Un détenu voulant recourir à la loi Lejeune (loi du 31 mai 1888 établissant la libération conditionnelle dans le système pénal) et donc bénéficier d'une libération anticipée, peut se voir imposer des conditions lorsque sa demande est acceptée. Ainsi, on peut lui interdire de se rendre à proximité de l'endroit où les faits ont été commis ou du domicile de la victime. En outre, on peut imposer à la personne provisoirement remise en liberté de suivre une thérapie.

Le nombre de thérapeutes pouvant proposer cette thérapie (tant durant la détention provisoire au sein de l'établissement pénitentiaire qu'après la libération anticipée à l'extérieur de la prison) est manifestement trop faible. En conséquence, il y a de longues listes de détenus qui, souvent, n'entrent en ligne de compte pour suivre une thérapie adaptée qu'après une longue période d'attente, fréquemment après avoir purgé plus d'un tiers de la peine.

De plus en plus de détenus choisiraient de purger leur peine jusqu'à son terme et renonceraient à la thérapie. Pour eux, il n'y a qu'une seule certitude, la date de la fin de leur peine. Il dès lors plus tentant de purger le dernier tiers de leur peine et de renoncer à la thérapie.

La thérapie n'est certes pas la panacée, mais elle peut contribuer à une meilleure réinsertion dans la société.

J'aimerais obtenir une réponse aux questions suivantes :

1) La ministre peut-elle communiquer combien de détenus suivent une thérapie dans le cadre d'une libération conditionnelle ?

2) Peut-elle confirmer qu'un problème se pose quant à l'offre de thérapies aux détenus ?

3) Prendra-t-elle des initiatives pour prévoir suffisamment de thérapies dans les établissements pénitentiaires ?

4) Juge-t-elle opportun de modifier la législation afin de permettre à celui qui envisage de purger la totalité de sa peine en prison de bénéficier d'une thérapie en vue de faciliter sa réinsertion dans la société ?

5) Durant la période 2006-2011, combien de détenus ont-ils été libérés après avoir purgé la totalité de leur peine ? Combien d'entre eux ont-ils eu la possibilité ou l'obligation de suivre une thérapie durant leur détention et l'ont-ils refusée, ce qui les a empêché de bénéficier d'une libération anticipée ?

6) Durant la période 2006-2011, combien de détenus ont-ils fait appel au système de libération anticipée ?

7) Des détenus peuvent-ils à un moment donné refuser toute thérapie ultérieure et choisir de purger leur peine jusqu'à son terme ?

Réponse reçue le 26 juillet 2013 :

En introduction, il convient de préciser que la loi dite « Loi Lejeune » a été abrogée par la loi du 5 mars 1998, elle – même abrogée par la loi du 17 mai 2006.

1) Je ne dispose pas de données chiffrées à cet égard. 

2), 3) et 4) Outre les précisions apportés sous le point 7, il y a lieu de préciser que des concertations ont lieu avec les Communautés sur base des accords de coopération en matière de guidance et de traitement d’auteurs d’infractions à caractère sexuel.
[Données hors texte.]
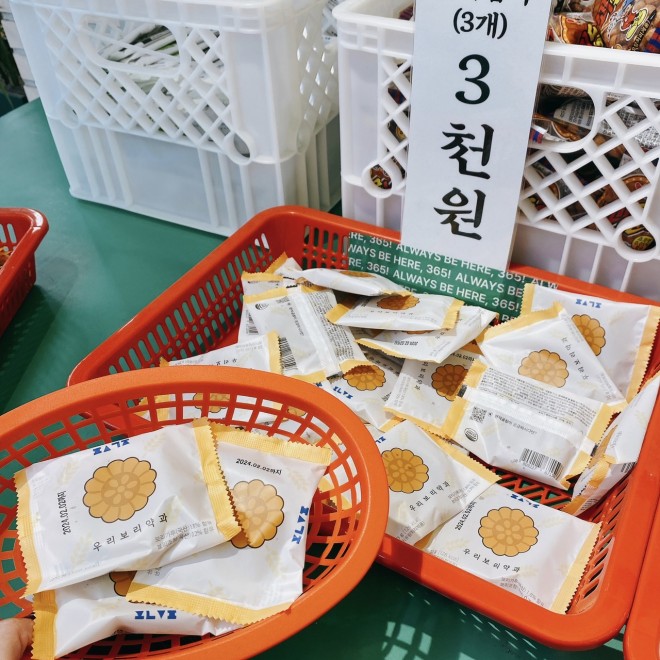 매장에는 약 300엔으로 3가지 품목을 선택할 수 있는 캔디 코너가 있습니다.  구운 과자(꿀과 밀을 굳혀 만든 전통 과자)가 현재 한국에서 조금씩 부활하고 있습니다.  은은한 단맛이 있고 맛있기 때문에 추천합니다.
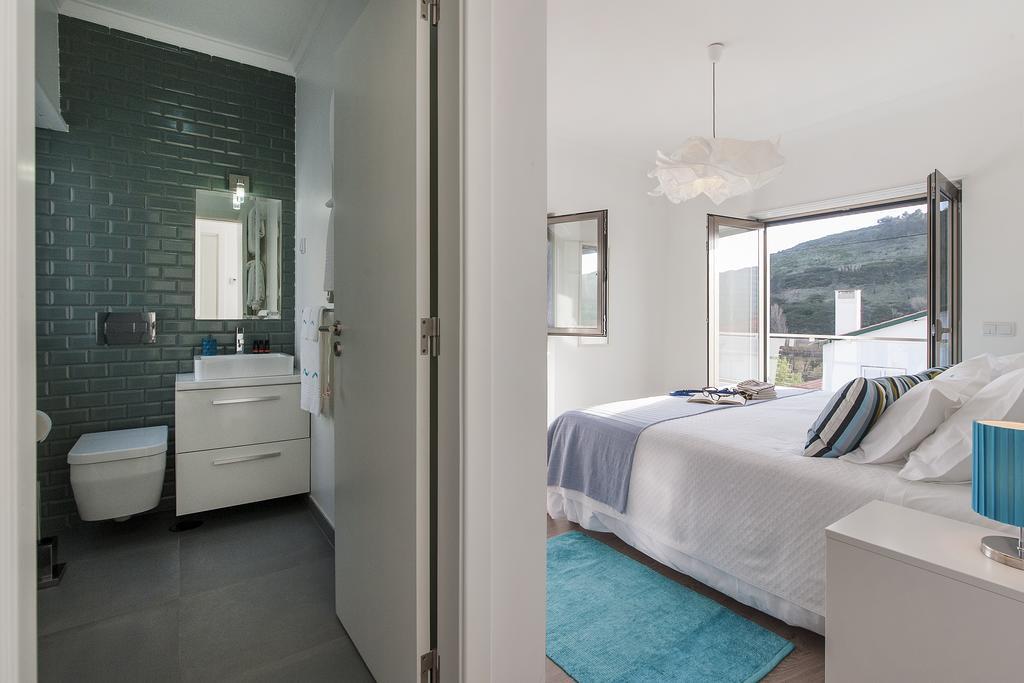 Beachouse - Surf, Bed & Breakfast Ericeira Room photo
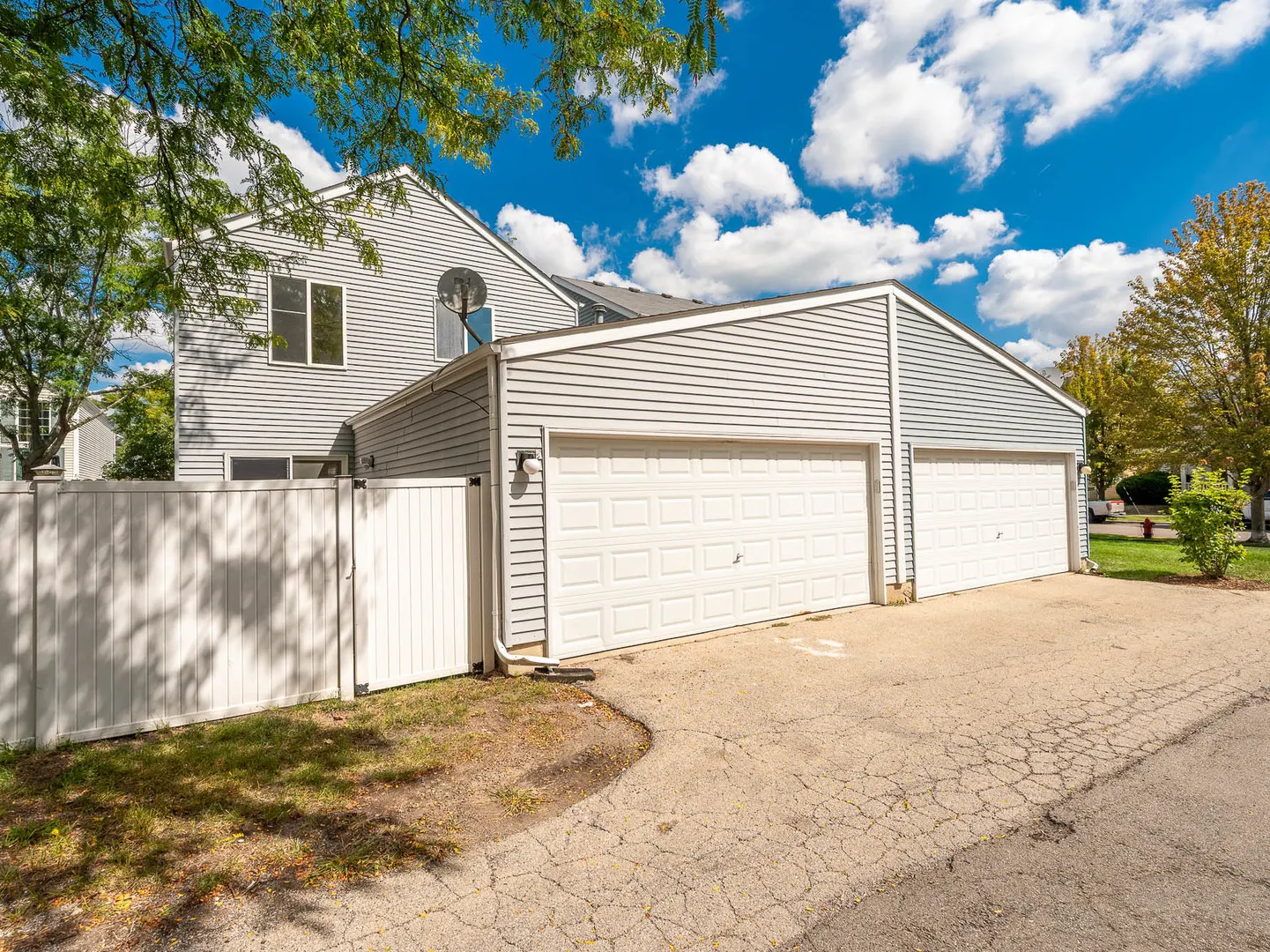 811 Serendipity Drive IL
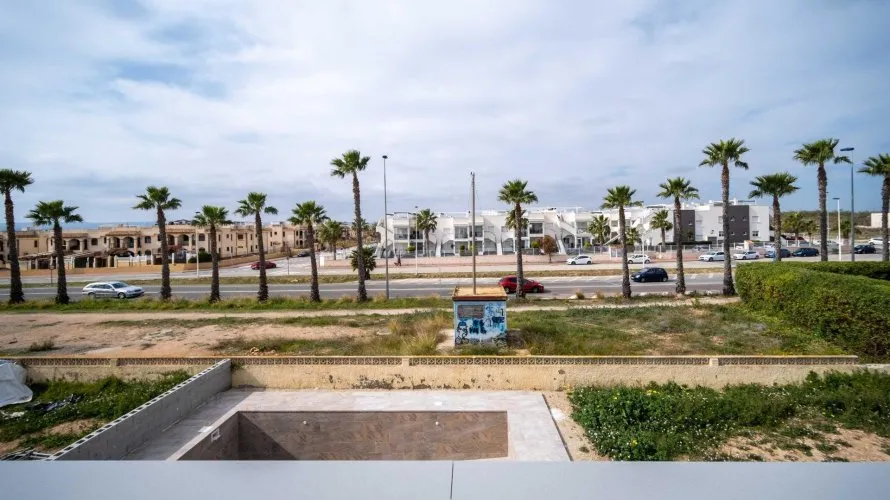 Villa de 3 dormitorios en Torrevieja, España No. 1081 № 10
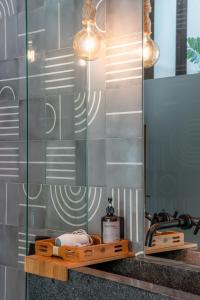 Cala Blanca - Tropical Lagoon Villa in Pererenan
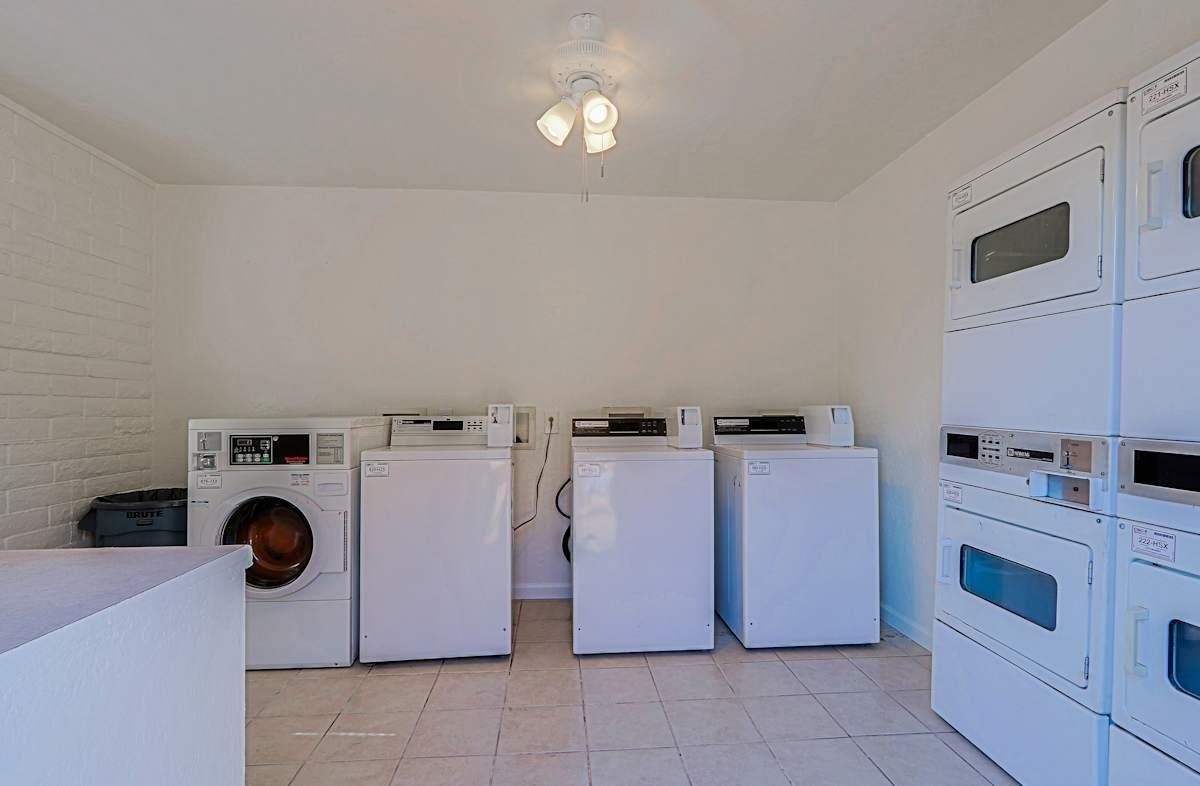 16621 N 25th St - Photo 6 of 26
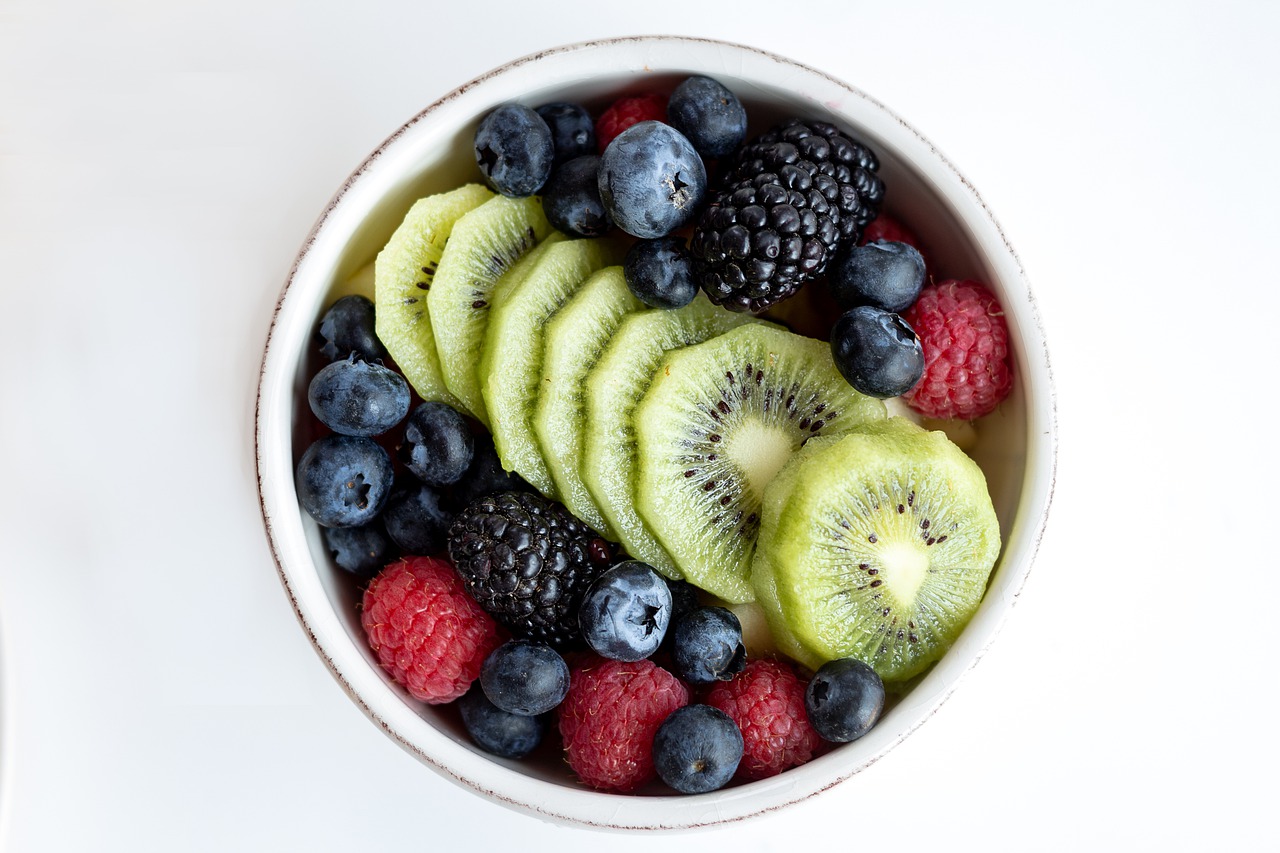 breakfast  fruit  a bowl of fruit free photo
Des recommandations sont transmises, chaque année, par les comités d’accompagnement des accords aux ministres concernés (Justice, Communautés/régions) pour améliorer la prise en charge des auteurs d’infractions à caractère sexuel.

De plus, les recommandations des comités d’accompagnement des accords de coopération spécifiques portent entre autres sur l’augmentation de la capacité de prise en charge des centres spécialisés au niveau d’une offre qualitative (type de prise en charge diversifiée et adaptée notamment en résidentiel) et quantitative. 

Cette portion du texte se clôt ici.